A third observation in going from small manual to CNC machining is that the consistency and complex control CNC affords improves your machine's effective capability in a way that is not widely appreciated. With CNC, more of a small machine's limited power can be made to go into cutting metal rather than the frictional losses associated with trying to do so. Learn about the concept of "chip thinning" and the calculations that go into feeds, speeds, and power utilization with low radial cutter engagement. Only CNC operation can allow you to take full advantage of this. I have done trials pushing my mill to its limits and probably set the record for material removal rate on a Taig, with calculated power exceeding the 1/4 HP continuous duty rating of the motor. Going from locking up the spindle and having to retram the mill doing pathetic cuts the wrong/inefficient way to ripping through with complete confidence is sure to bring a devious smile to your face!

Along the way, you will be making improvements and custom accessories to enhance your CNC mill. That’s all part of the fun of it.

Ronnie Zownir25/09/2020 18:13:03
6 forum posts

Chris, I will try to post photos of my complete Alco Firefly set later.

Ronnie Zownir25/09/2020 18:15:53
6 forum posts

Steve, what part of New Jersey? From Bergen County and went to college in central NJ.

stephen goodbody25/09/2020 19:22:58
52 forum posts
40 photos

Ronnie - I'm originally from the UK but have lived in Morris County for the past 25 years or so.

Best regards


Temporary Nickname Guy28/09/2020 03:21:58
8 forum posts
3 photos

Greetings from another newly minted American member (California); Joined a few weeks ago, the result of some clock making questions, but first love is miniature I/C and steam engines; Hoping to rekindle my enthusiasm for all hobbies, as set aside for decades when "life" got in the way.

Jealous of your equipment, lost most of mine a few years back, now reduced to "files and hack saws", projects which fit in a shoe box, for the time being. I had a very nice Atlas lathe in my garage for many years, but took it for granted, as I was working at the time in a machine shop, had continual access to larger, newer machines; No longer working there, I miss the Atlas daily, more than I would have thought.
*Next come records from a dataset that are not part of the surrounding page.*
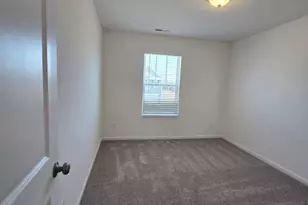 5240 Kinsbridge Dr, Charlotte, NC 28227 - Photo 4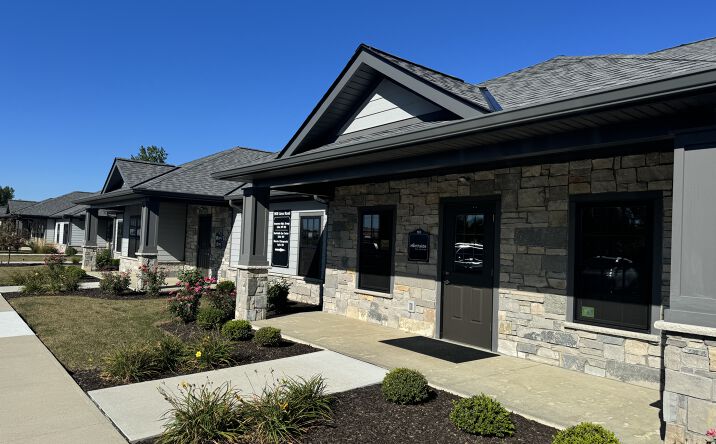 Pictures of Office property located at 9600 Lima Rd, Fort Wayne, IN 46818 for lease - image #1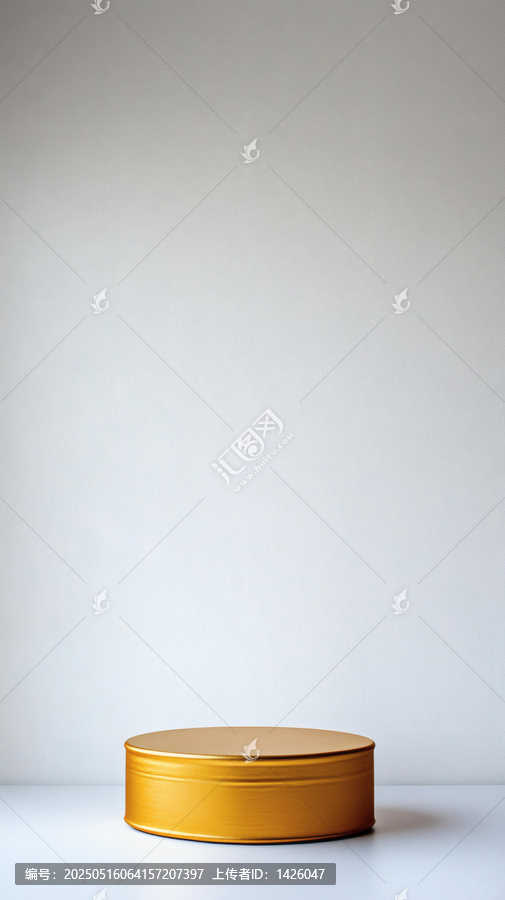金色圓柱形展示臺(tái)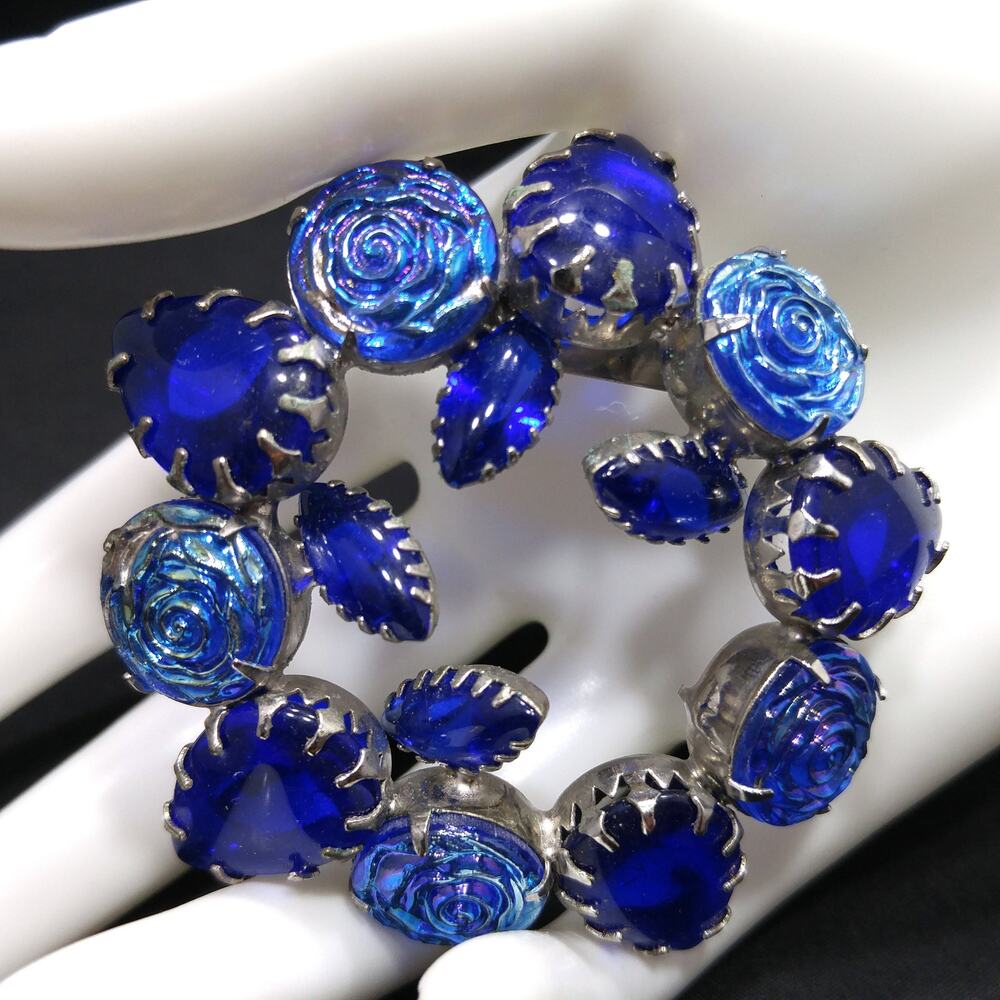 Vintage Cobalt Blue Glass Wreath Brooch Rose Glass Silver Tone 1960s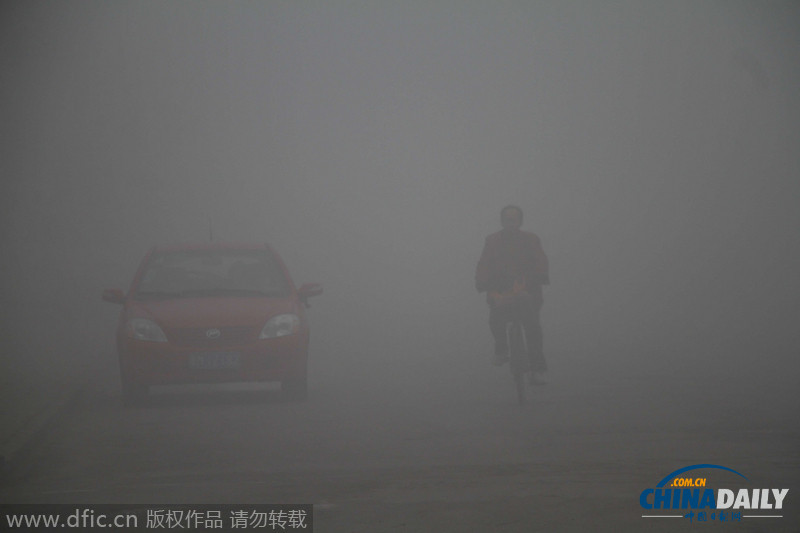 华东遭遇雾霾 山东局地能见度小于50米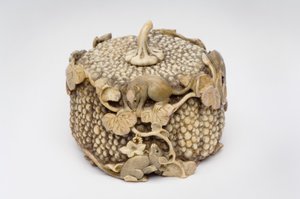 Okimono雕刻成四只顽皮的老鼠跳过南瓜 作者 日本学校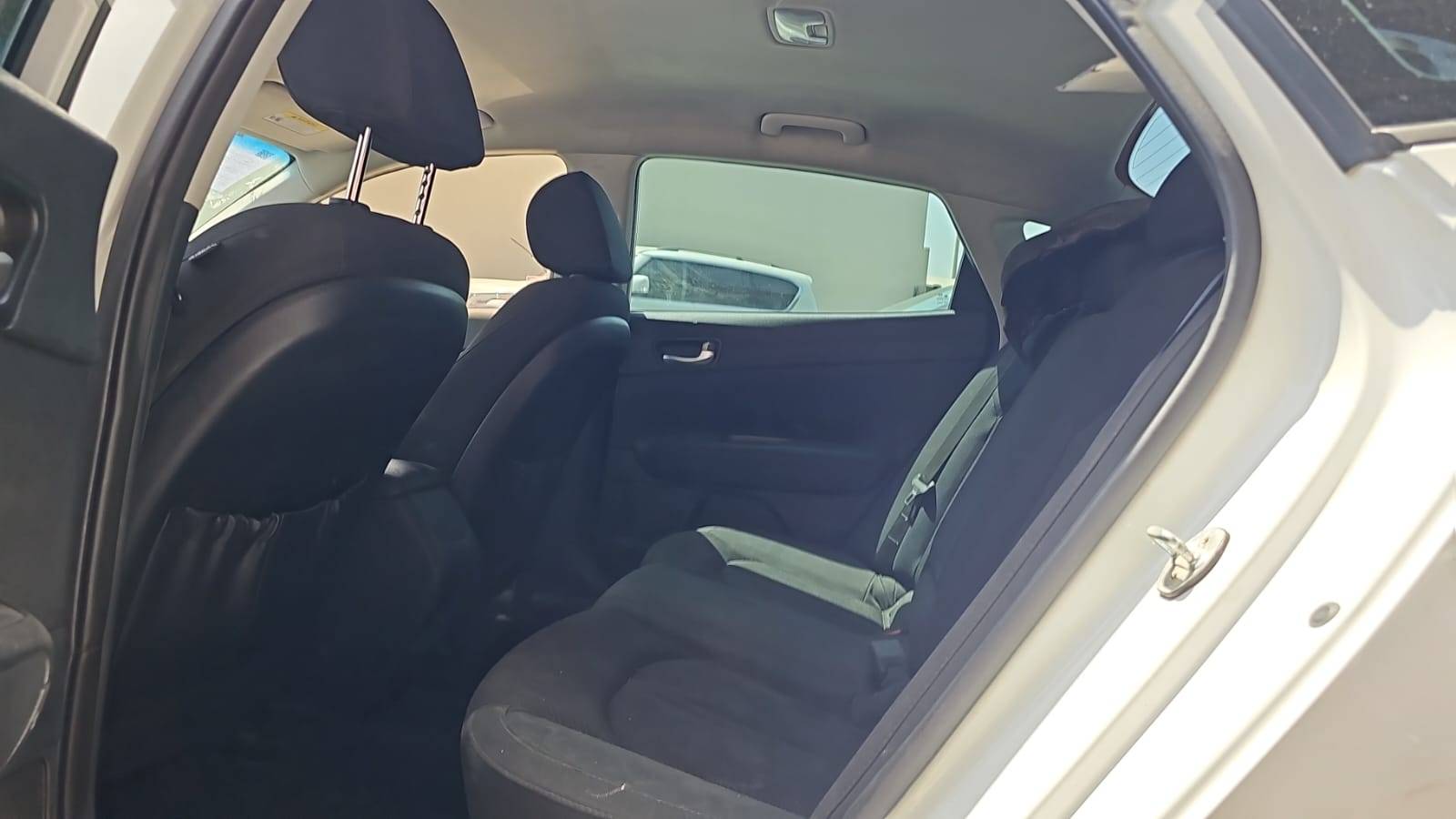 2016 KIA OPTIMA — 146314 Miles — Lot G082690 — Souq - Marhaba Auctions Used Cars - Image 8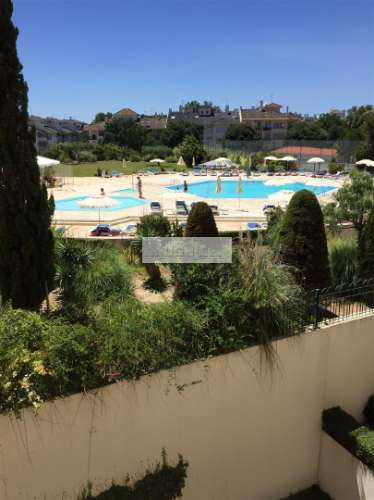 Apartamento T2 para arrendar, garagem, piscina, praia, Carcavelos, condomínio fechado, segurança 24h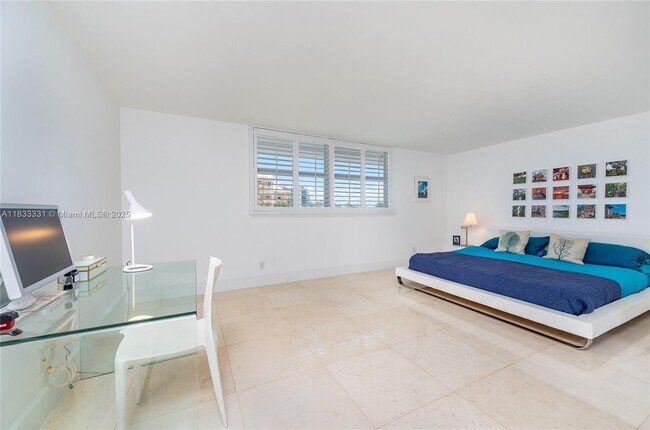 Building Photo - 613 Ocean Dr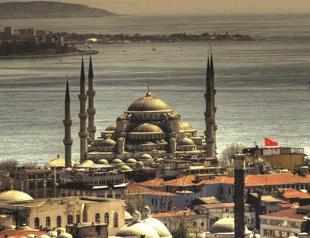 Blue Mosque minaret shifts for 5 centimeters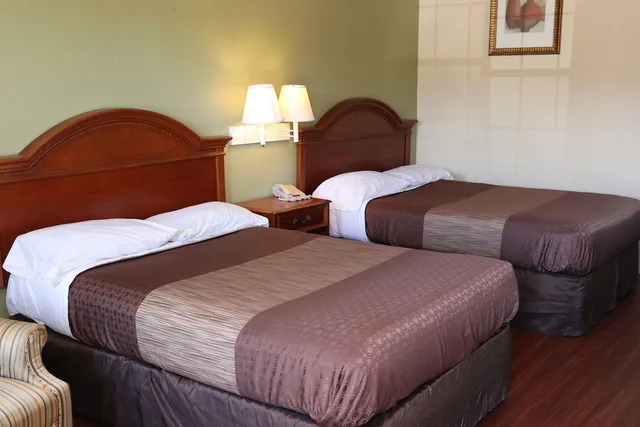 غرفة قياسية بسريرين مزدوجين، Woodstream Inn 1/4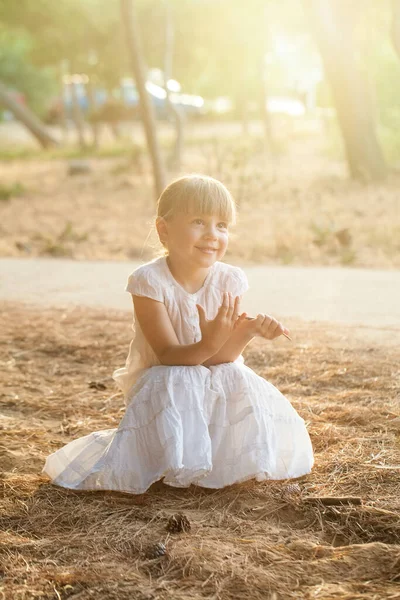 外面穿着白色衣服的漂亮小女孩的画像 快乐微笑的孩子 — 图库照片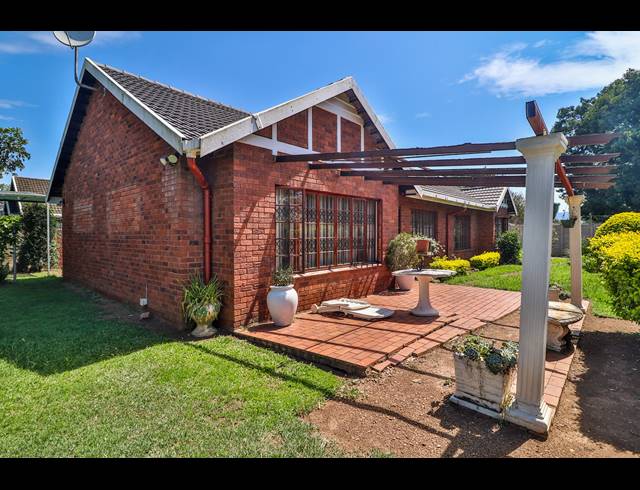 3 BEDROOM SIMPLEX TO LET IN SCOTTSVILLE
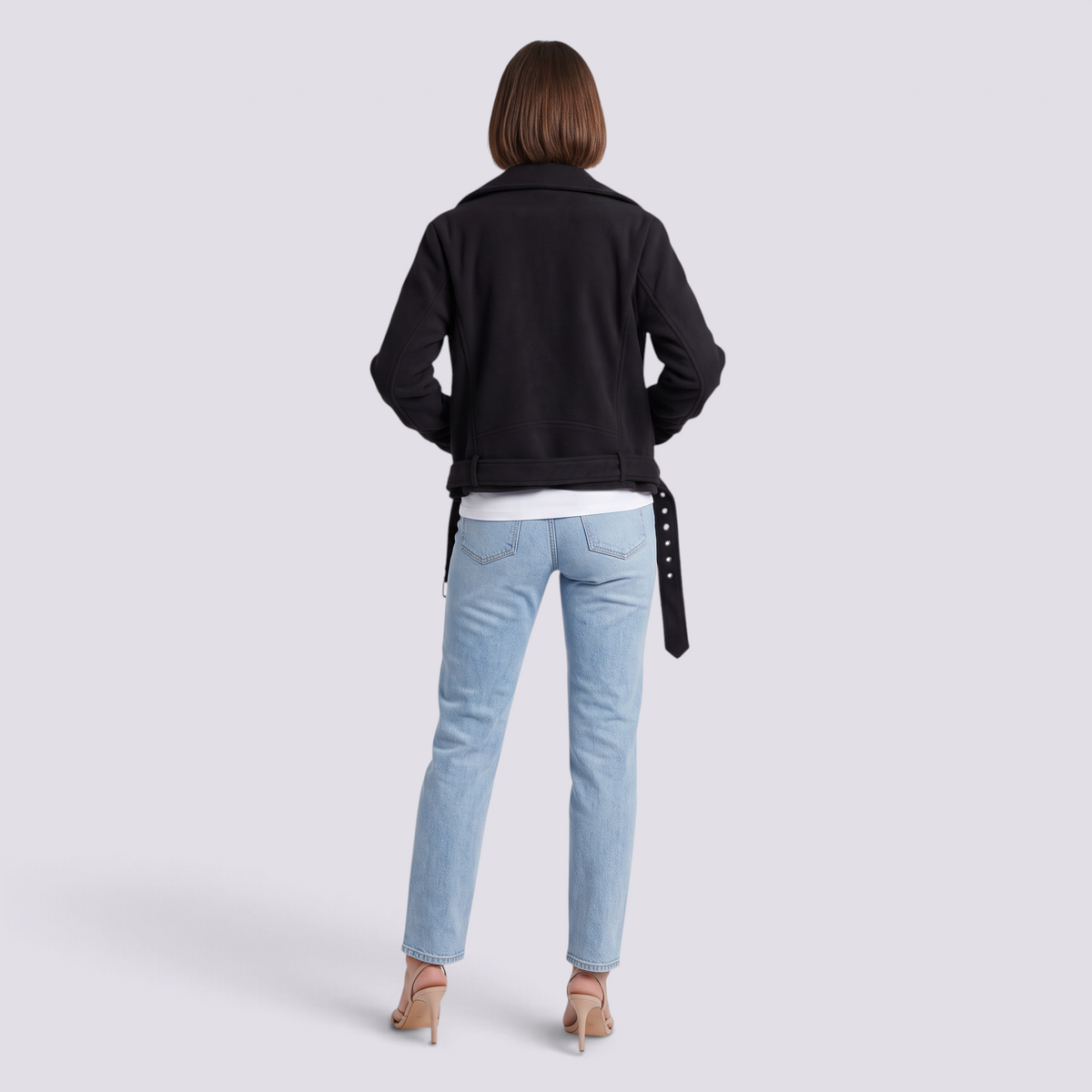 Chaqueta motera mujer corta negra con cinturón y cremallera, vista trasera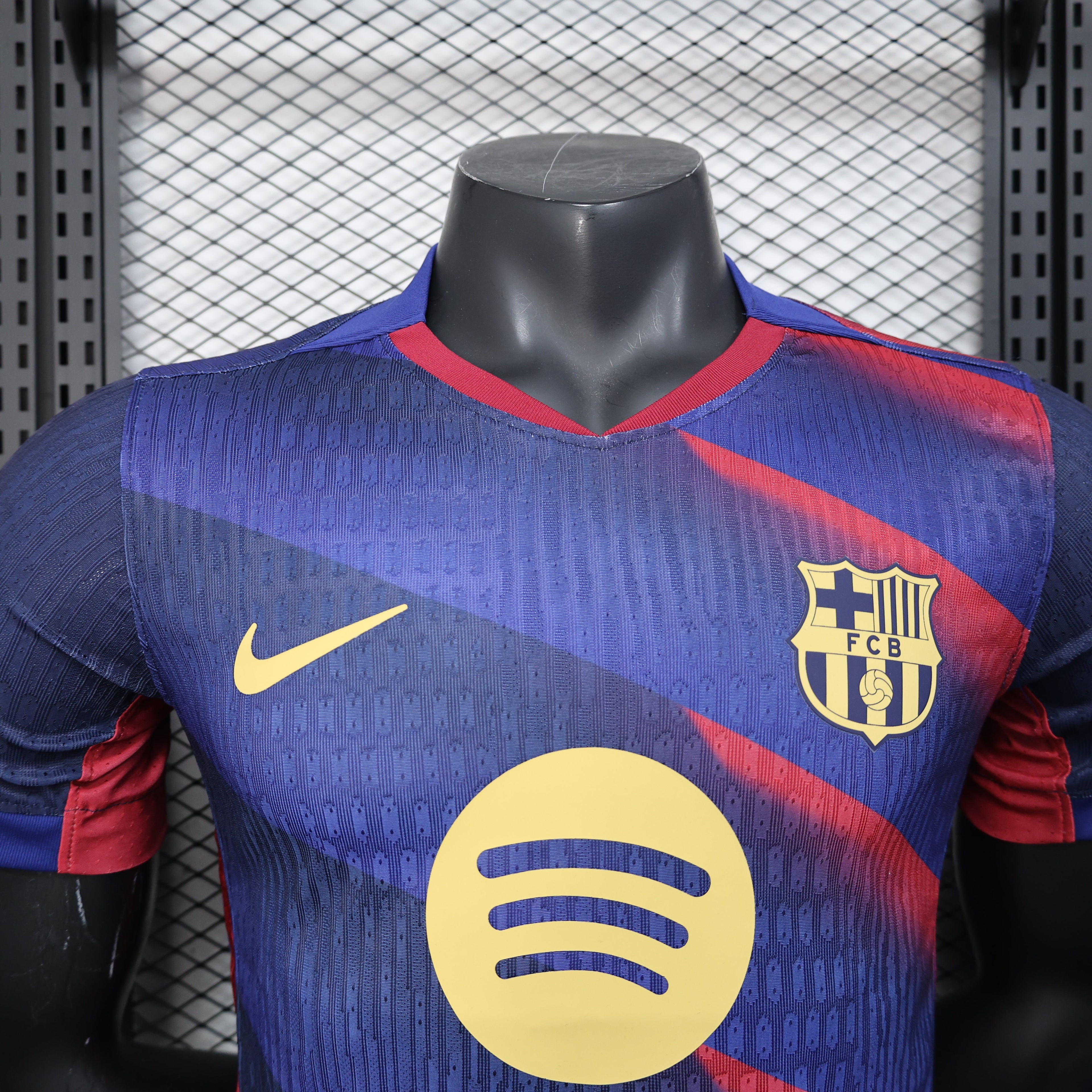 Maillot domicile FC Barcelone 2023/2024 – Bleu & Rouge – Logo doré Spotify
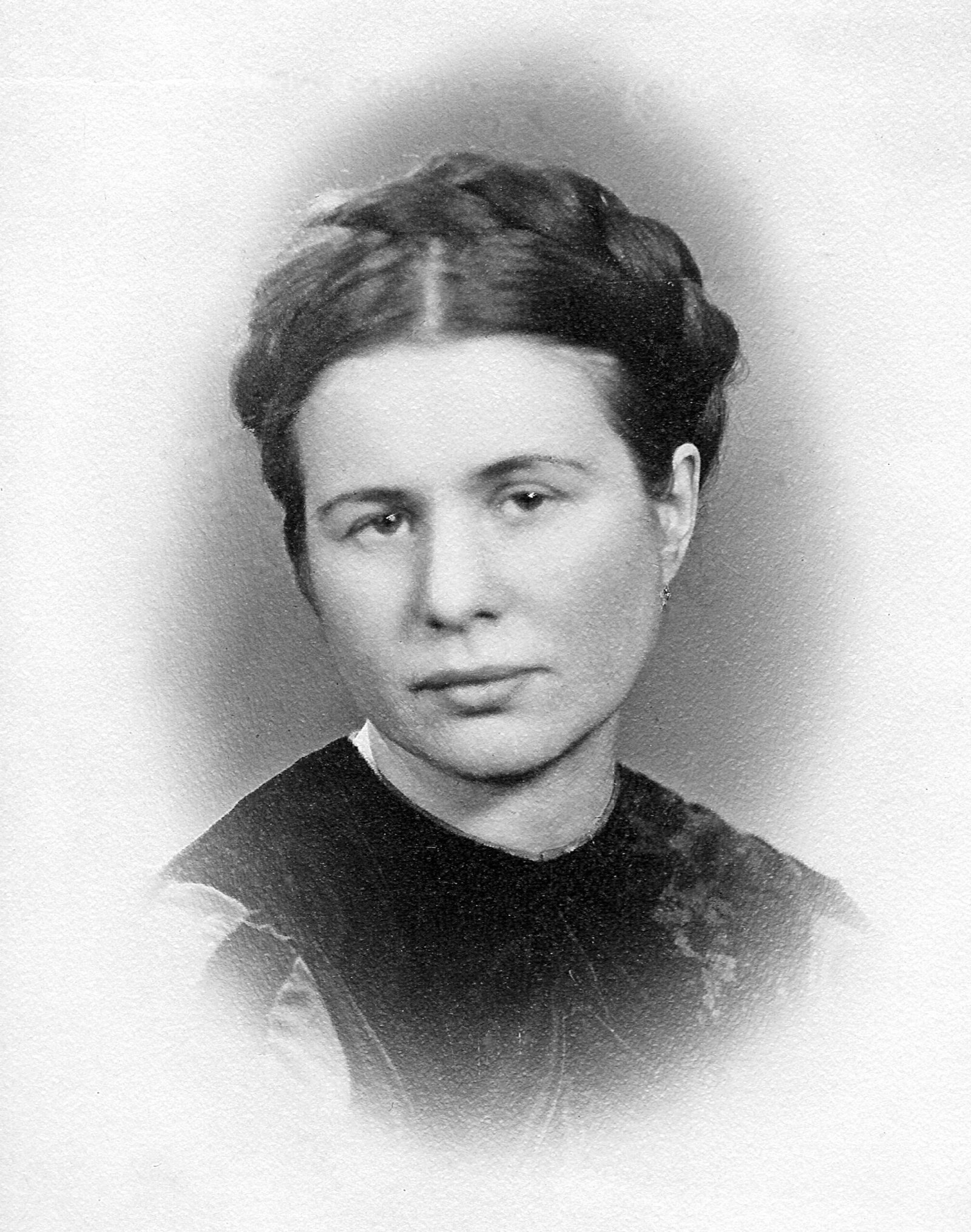 The Social Worker Who Smuggled Children from the Warsaw Ghetto (image credits: wikimedia)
To date, nothing but positive things to say about the forum, suspect you will agree!

Brian H28/09/2020 07:08:10
1797 forum posts
108 photos

Hello Ronnie and many thanks for the detailed answers to my questions.


Ronnie Zownir29/09/2020 02:37:33
6 forum posts

Steve, I'll check out the NJ Live Steamers once things get back to normal.

I went to the CAMA Fall show in Kent, CT last year and was in nonstop amazement. Steam trains, tractors, and land vehicles are great. And the sweet waxy smell of a coal-fired steam boiler is an experience all its own. What I really want, however, is a boat. Building my own steam launch is on my Must Do list. But many projects ahead of that massive undertaking.

Chris, I haven't forgotten about the photos! Took some yesterday, but have to get them off the memory card.

Brian, no problem. Hope you found what I wrote useful.